The big one apart from the dating of the tower is the arcades. The three westernmost bays are different from the others. The Church Guide says that this was because the nave and aisles were extended westwards. If the tower is Norman then this is impossible. Pevsner, noting that the eastern bays look later than the western ones, suggests that the extension was to the east! By his own admission, the problem then is that it implies that the chancel which has a Norman north wall originally was stretched halfway down the nave which seems improbable, to sat the least. We have two pieces of Norman bread but can’t work out what happened with the filling!!

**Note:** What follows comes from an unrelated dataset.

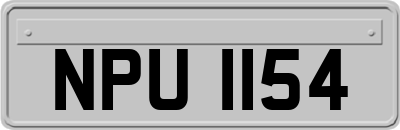 NPU1154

You will find this church a pleasant visit. It is a fine place with a good feel to it. If, though, like ,e you were brought up as a primary school child on a diet of traditional and inoffensive “traditional folk songs” you will know of the song about “John Peel”, the legendary huntsman (not the oddly legendary DJ of the same name!). I still know the first two verses! He was a real person who was born in Ruthwaite but who was buried here at Caldbeck in 1854. Many of us don’t have anything good to say about foxhunting today but that was another era and John is synonymous with the sport, whatever our modern sensibilities.